In a recent review, the central bank surprised analysts by keeping its key interest rate unchanged at 0.5%, and said in a statement the economy will continue to recover and the fast-spreading omicron variant “would exert limited pressure on the public health system.”
The International Labour Organisation (ILO) has called on Thai policy makers to postpone the proposed National Pension Fund scheme while urging the government to make comprehensive reforms to address the demographic, economic and societal changes affecting the population in the coming years.
“An effective pension system will be key to adapt to an ageing population, and support recovery from the Covid-19 pandemic”, it said in its latest report, adding the delay of the roll out should be seen as part of the efforts to create a more “systematic pension reform".
The report has proposed reforms focused on an immediate increase in the level of the existing Old Age Allowance, a gradual rise in contribution rates and retirement age, an increase in the earnings cap as well as a reduction in the number of years needed for retirement income eligibility from 15 years to five years.

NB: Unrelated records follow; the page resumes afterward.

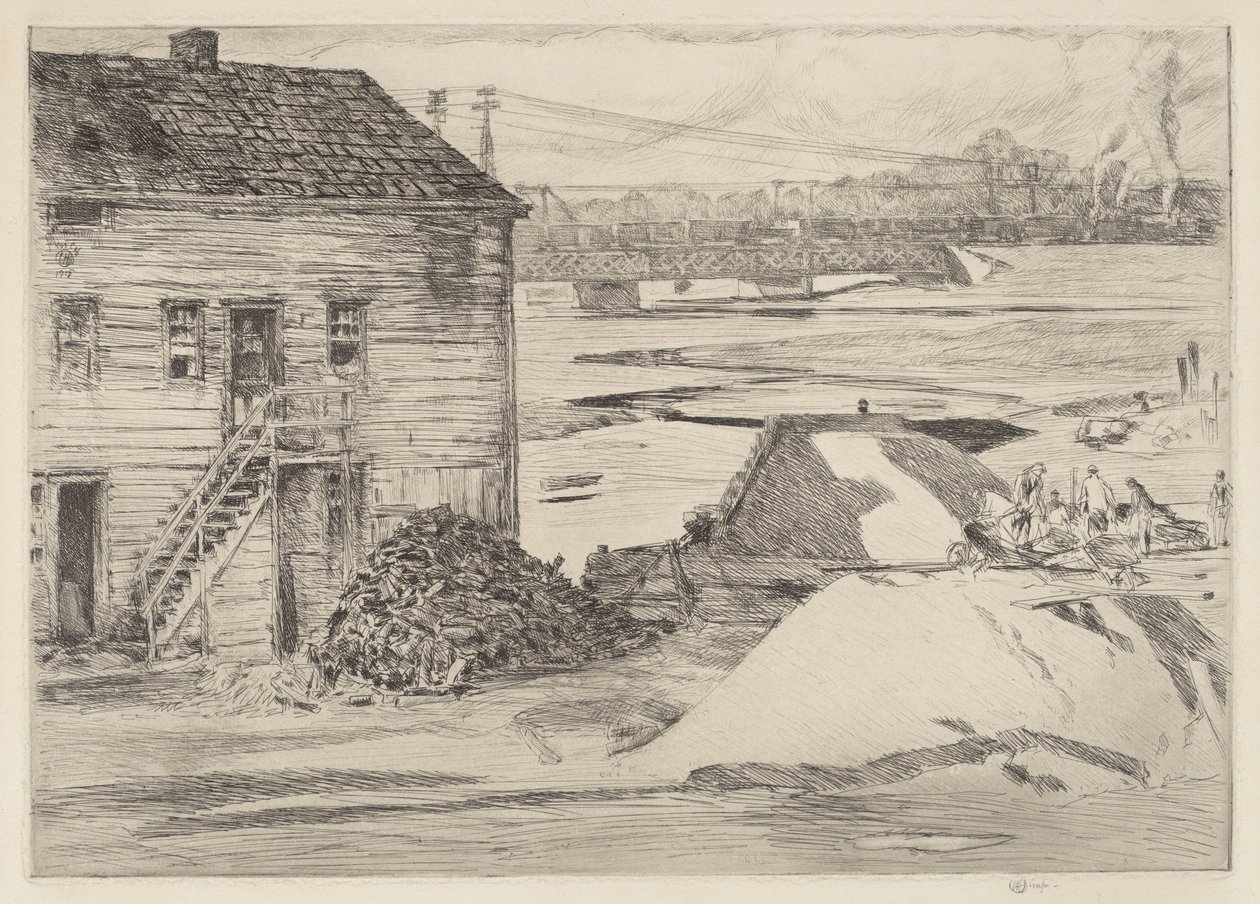 Bassa marea, ponte di Cos Cob da Childe Hassam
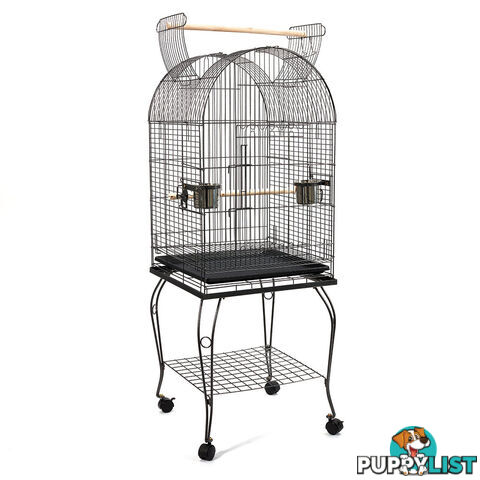 New 150cm Bird Cage Canary Parrot Budgie Pet Aviary Stand Wheel Open Roof Black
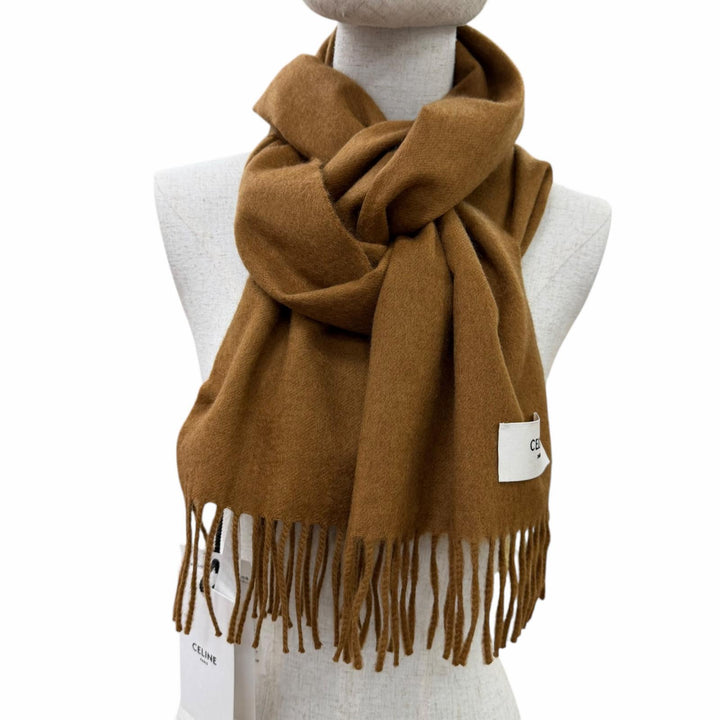 未使用品☆CELINE セリーヌ AA0FP2K77 カシミヤ100％ ロゴ フリンジ付 ショール ストール マフラー ブラウン 30×180cm 正規品 箱付き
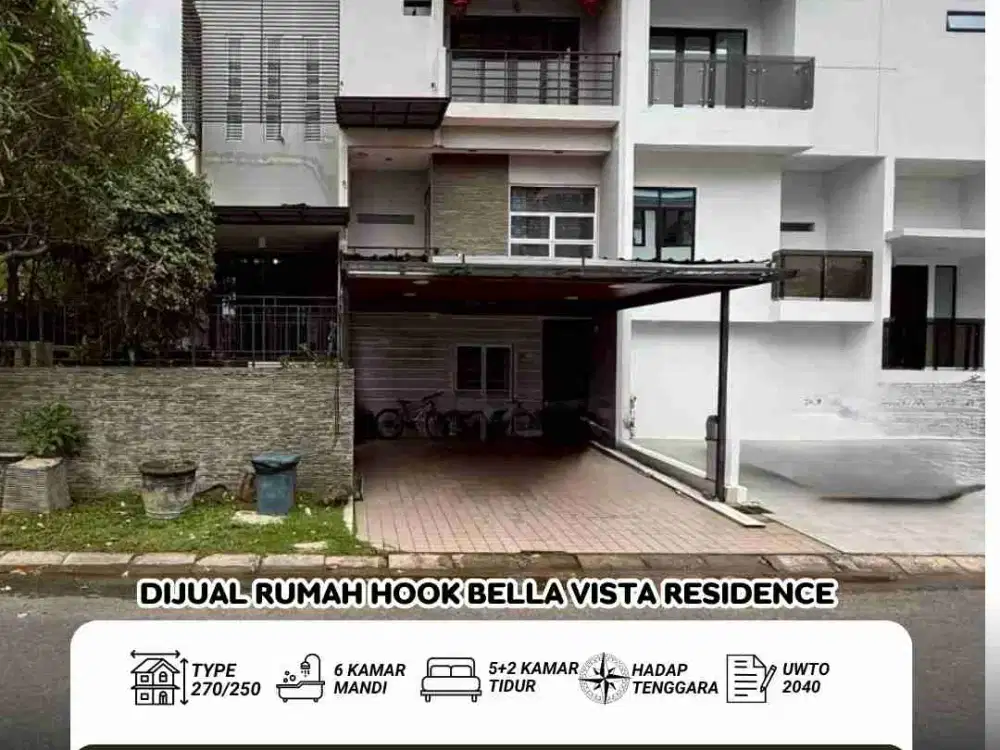 Dijual rumah hook 2 lantai bellavista residence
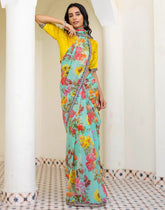 PISTA Color Georgette Saree With Sequence Work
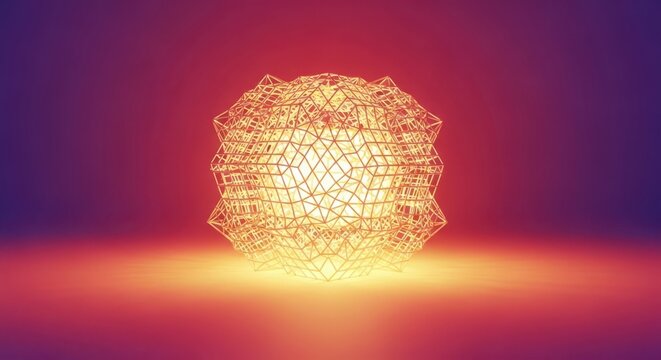 Abstract geometric sphere glowing with warm light design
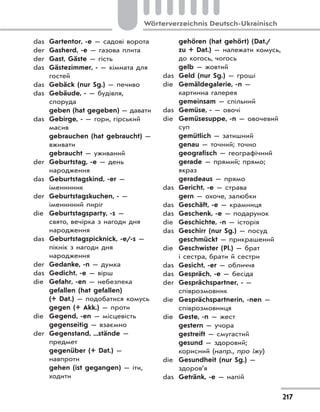 217
Wörterverzeichnis Deutsch-Ukrainisch
das Gartentor, -e — садові ворота
der Gasherd, -e — газова плита
der Gast, Gäste — гість
das Gästezimmer, - — кімната для
гостей
das Gebäck (nur Sg.) — печиво
das Gebäude, - — будівля,
споруда
geben (hat gegeben) — давати
das Gebirge, - — гори, гірський
масив
gebrauchen (hat gebraucht) —
вживати
gebraucht — уживаний
der Geburtstag, -e — день
народження
das Geburtstagskind, -er —
іменинник
der Geburtstagskuchen, - —
іменинний пиріг
die Geburtstagsparty, -s —
свято, вечірка з нагоди дня
народження
das Geburtstagspicknick, -e/-s —
пікнік з нагоди дня
народження
der Gedanke, -n — думка
das Gedicht, -e — вірш
die Gefahr, -en — небезпека
gefallen (hat gefallen)
(+ Dat.) — подобатися комусь
gegen (+ Akk.) — проти
die Gegend, -en — місцевість
gegenseitig — взаємно
der Gegenstand, ...stände —
предмет
gegenüber (+ Dat.) —
навпроти
gehen (ist gegangen) — іти,
ходити
gehören (hat gehört) (Dat./
zu + Dat.) — належати комусь,
до когось, чогось
gelb — жовтий
das Geld (nur Sg.) — гроші
die Gemäldegalerie, -n —
картинна галерея
gemeinsam — спільний
das Gemüse, - — овочі
die Gemüsesuppe, -n — овочевий
суп
gemütlich — затишний
genau — точний; точно
geografisch — географічний
gerade — прямий; прямо;
якраз
geradeaus — прямо
das Gericht, -e — страва
gern — охоче, залюбки
das Geschäft, -e — крамниця
das Geschenk, -e — подарунок
die Geschichte, -n — історія
das Geschirr (nur Sg.) — посуд
geschmückt — прикрашений
die Geschwister (Pl.) — брат
і сестра, брати й сестри
das Gesicht, -er — обличчя
das Gespräch, -e — бесіда
der Gesprächspartner, - —
співрозмовник
die Gesprächspartnerin, -nen —
співрозмовниця
die Geste, -n — жест
gestern — учора
gestreift — смугастий
gesund — здоровий;
корисний (напр., про їжу)
die Gesundheit (nur Sg.) —
здоров’я
das Getränk, -e — напій
 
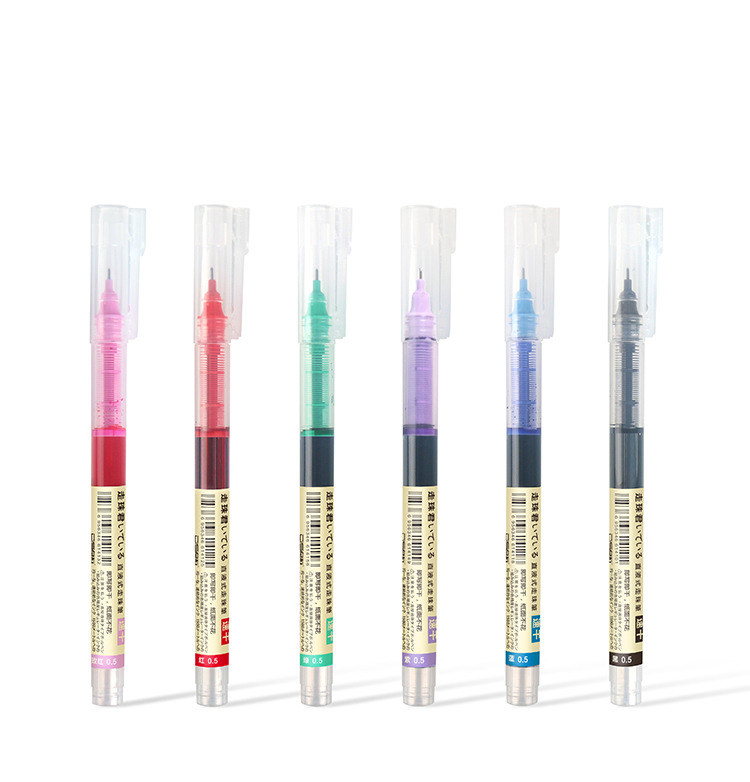 包邮针管型走珠笔中性0.5mm黑色签字水直液式
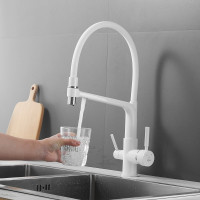 Смеситель для кухни ROSE с подключением к фильтру питьевой воды, белый R658C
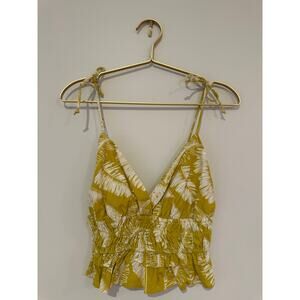 Sim & Sam Chartreuse Leaf Crop Top - Size S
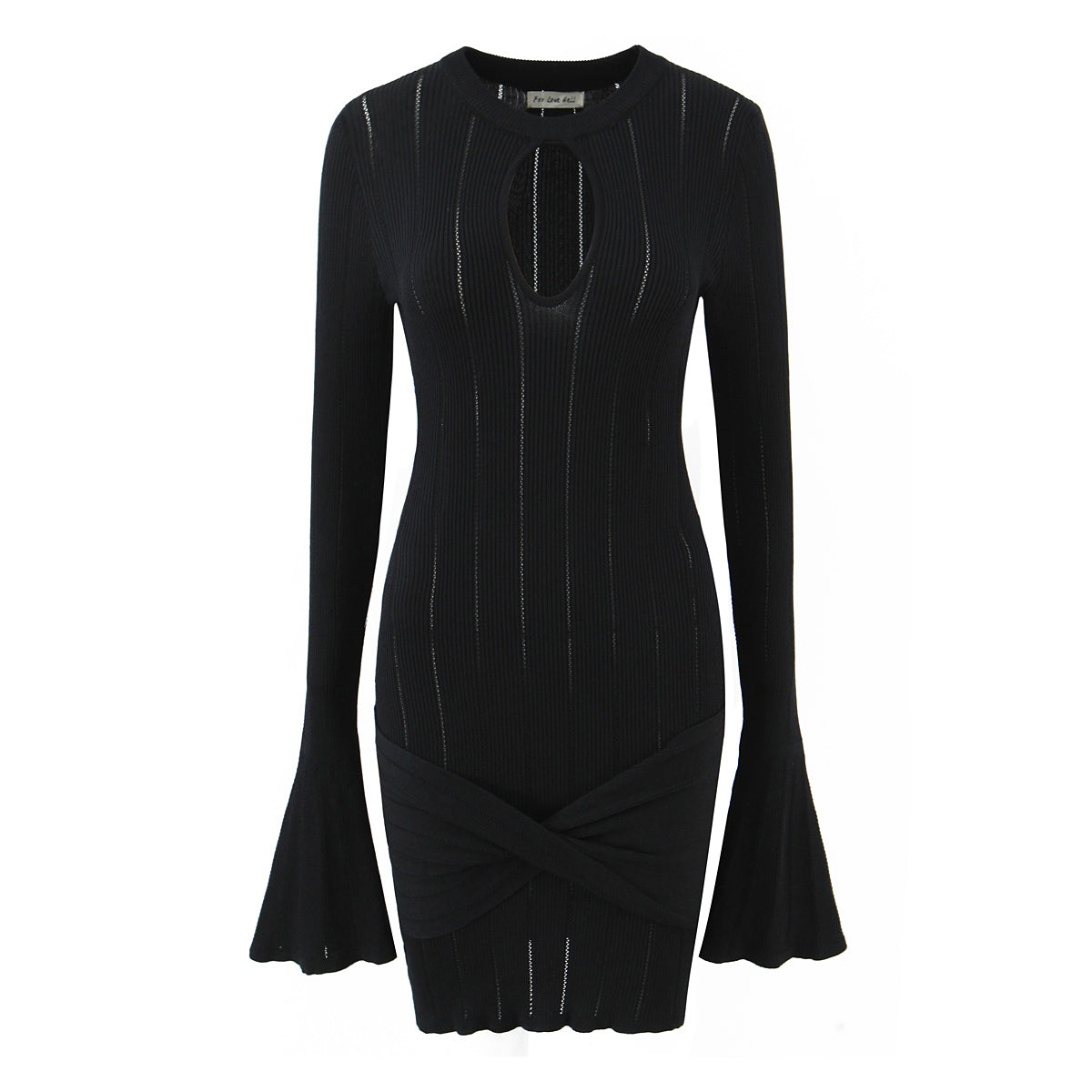 Women Clothing Summer Hollow Out Cutout Slim Sheath Flare Sleeve Knitted Long Sleeved Dress by Ragazza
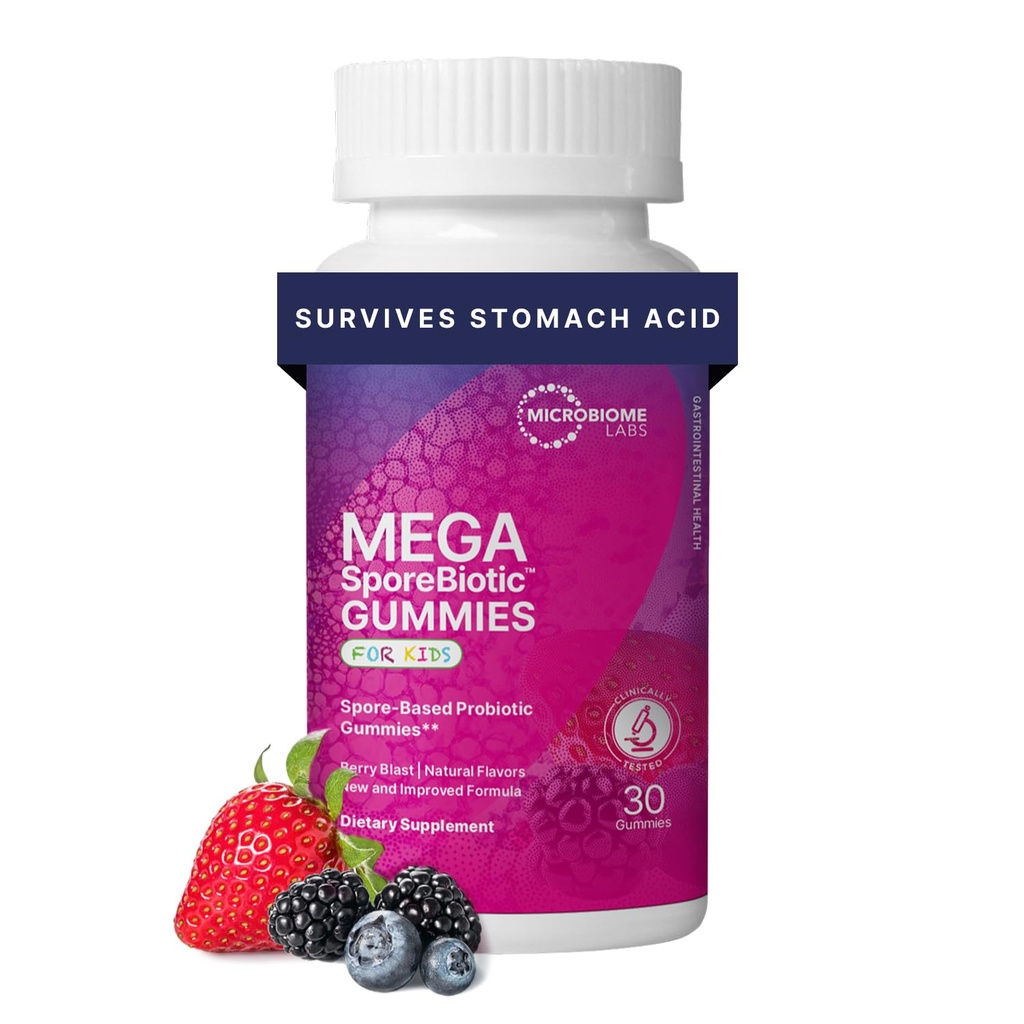 Laboratorios de microbioma MegaSporeBiotic Kids Probiotic - Probióticos de goma con base de esporas para niños - Asistencia Gut Health &amp; Immunity con Bacillus Probiotic Blend - Berry Flavored (30 Gummies)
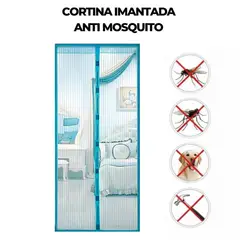 GENERICO - Cortina Malla Imantada Antimosquitos Zancudos 210x100cm - Azul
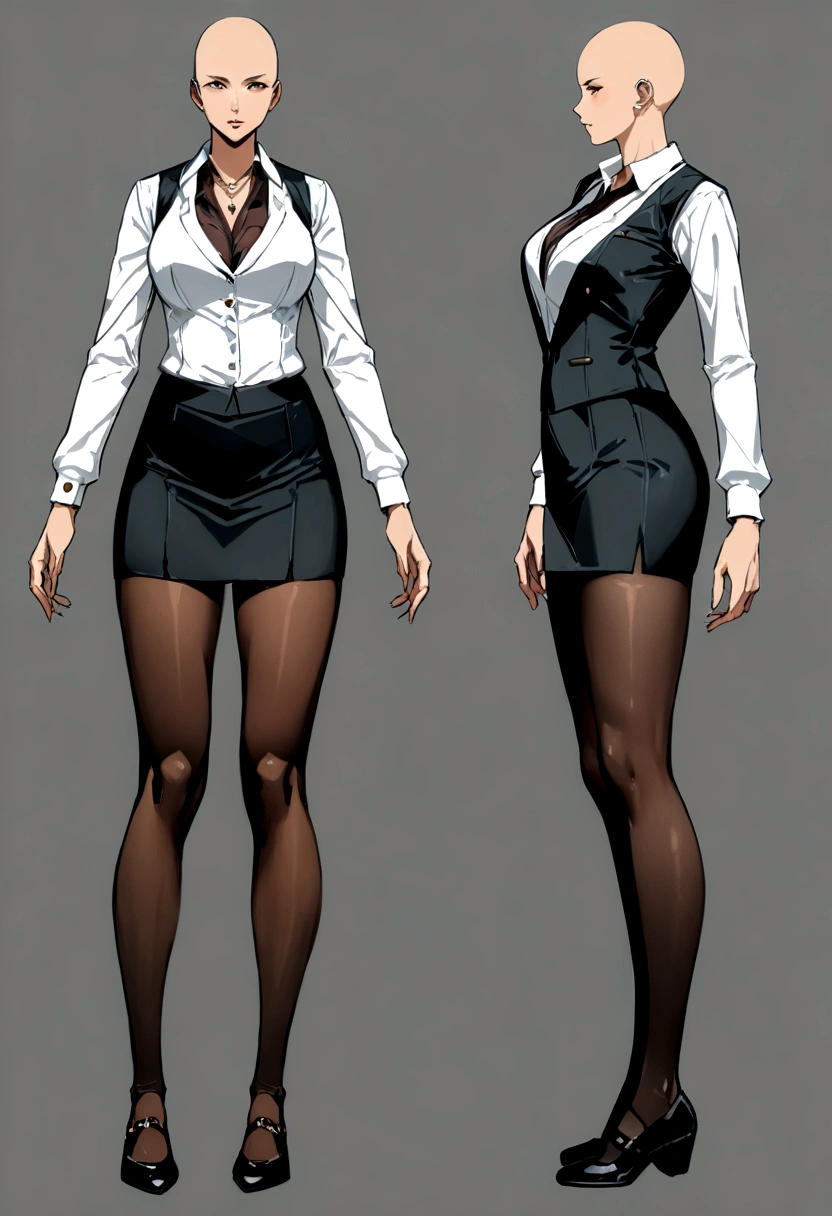 digital art, highly detailed, reference sheet, standing pose, feminine features, mature woman, adult female, whole body, bald, form-fitting, revealing neckline, business vest, V-neck blouse, skirt, stockings, shoes, 1woman, solo, upper body, lower body, ((Extremely Detailed)), ((Best Quality)), ((Masterpiece)), ((4k))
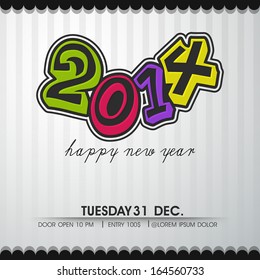 Happy New Year 2014 flyer, banner, poster or invitation with colorful text on grungy grey background. 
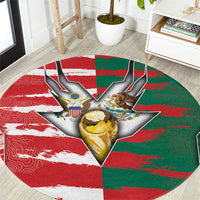 USA And Mexico Football Round Carpet Split Flag Golden Trophy Grunge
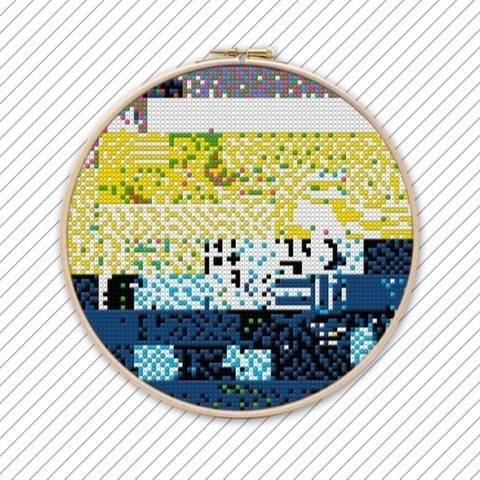 Kreuzstich Stickmuster abstrakt . POLYCHROME #017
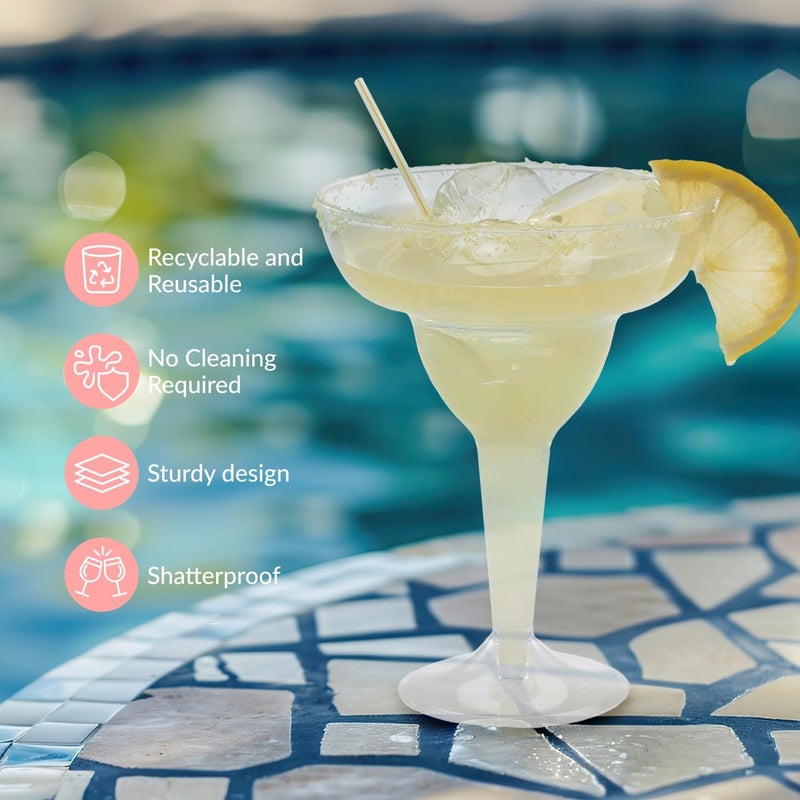 Prestee 50 Clear Plastic Margarita Glasses, 12oz - Heavy Duty Margarita Glasses Disposable for Cinco de Mayo Party Decorations, Taco Party, Plastic Cocktail Cups - Image 5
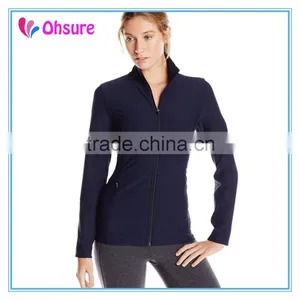 OEM Supply Womens Navy Blue Sports Wear Yoga Jacket Supplex Gym Jacket thumbnail-2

Canada Pension Plan Investment Board (CPP Investments) ended its third quarter of fiscal 2022 on December 31, 2021, with net assets of $550.4 billion, compared to $541.5 billion at the end of the previous quarter — marking an $8.9 billion increase in net assets.
The Fund, which includes the combination of the base CPP and additional CPP accounts, achieved five-year and 10-year annualised net returns of 11.7% and 11.6%, respectively. For the quarter, the Fund returned 2.4%, according to a statement released on February 10.